◆ **EXERCISE DESCRIPTION**
Filter the entries that follow, copying every line in which the word "with" appears.

(Collected data)

********

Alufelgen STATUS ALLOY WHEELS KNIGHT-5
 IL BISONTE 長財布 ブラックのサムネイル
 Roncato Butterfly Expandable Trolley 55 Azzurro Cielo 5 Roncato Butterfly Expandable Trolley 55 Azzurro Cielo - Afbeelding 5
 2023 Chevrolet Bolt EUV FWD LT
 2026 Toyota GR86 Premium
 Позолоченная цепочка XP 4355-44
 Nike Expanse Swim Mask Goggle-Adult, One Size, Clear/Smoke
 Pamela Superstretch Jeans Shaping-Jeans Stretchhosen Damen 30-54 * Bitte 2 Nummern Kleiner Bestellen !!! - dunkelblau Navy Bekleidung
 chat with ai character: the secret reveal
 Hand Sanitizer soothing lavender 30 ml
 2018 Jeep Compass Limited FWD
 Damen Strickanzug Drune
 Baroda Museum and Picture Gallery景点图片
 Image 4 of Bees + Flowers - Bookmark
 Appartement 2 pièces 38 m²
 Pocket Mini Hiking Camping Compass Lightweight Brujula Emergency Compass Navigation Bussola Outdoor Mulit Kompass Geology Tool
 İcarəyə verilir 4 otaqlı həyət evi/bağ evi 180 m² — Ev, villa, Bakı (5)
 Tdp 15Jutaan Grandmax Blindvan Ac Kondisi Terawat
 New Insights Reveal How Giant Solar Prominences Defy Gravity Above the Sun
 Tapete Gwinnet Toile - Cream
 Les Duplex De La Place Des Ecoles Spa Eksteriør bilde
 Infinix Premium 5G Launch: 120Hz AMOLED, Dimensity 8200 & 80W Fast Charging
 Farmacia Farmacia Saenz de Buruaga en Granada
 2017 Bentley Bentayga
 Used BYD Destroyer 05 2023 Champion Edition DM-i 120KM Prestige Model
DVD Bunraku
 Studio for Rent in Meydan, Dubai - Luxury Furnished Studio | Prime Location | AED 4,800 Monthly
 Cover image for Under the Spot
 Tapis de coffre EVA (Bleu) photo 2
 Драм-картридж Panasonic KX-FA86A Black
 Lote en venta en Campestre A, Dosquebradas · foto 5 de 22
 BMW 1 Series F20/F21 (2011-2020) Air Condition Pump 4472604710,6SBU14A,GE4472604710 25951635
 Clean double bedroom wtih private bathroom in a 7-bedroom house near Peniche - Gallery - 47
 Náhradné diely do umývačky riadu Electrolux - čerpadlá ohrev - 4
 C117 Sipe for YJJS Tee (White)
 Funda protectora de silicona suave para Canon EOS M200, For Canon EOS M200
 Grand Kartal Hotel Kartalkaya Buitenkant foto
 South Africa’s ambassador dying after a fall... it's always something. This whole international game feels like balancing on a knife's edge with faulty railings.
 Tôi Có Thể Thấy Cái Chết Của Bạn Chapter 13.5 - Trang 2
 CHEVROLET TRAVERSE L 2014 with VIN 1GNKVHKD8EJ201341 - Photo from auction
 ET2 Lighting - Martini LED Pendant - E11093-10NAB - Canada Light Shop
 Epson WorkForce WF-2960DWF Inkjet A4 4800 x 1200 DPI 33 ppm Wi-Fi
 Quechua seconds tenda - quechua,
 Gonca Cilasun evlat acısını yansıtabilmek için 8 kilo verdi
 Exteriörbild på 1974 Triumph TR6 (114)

********

◆ **PROBLEM SOLUTION**
 chat with ai character: the secret reveal
 South Africa’s ambassador dying after a fall... it's always something. This whole international game feels like balancing on a knife's edge with faulty railings.
 CHEVROLET TRAVERSE L 2014 with VIN 1GNKVHKD8EJ201341 - Photo from auction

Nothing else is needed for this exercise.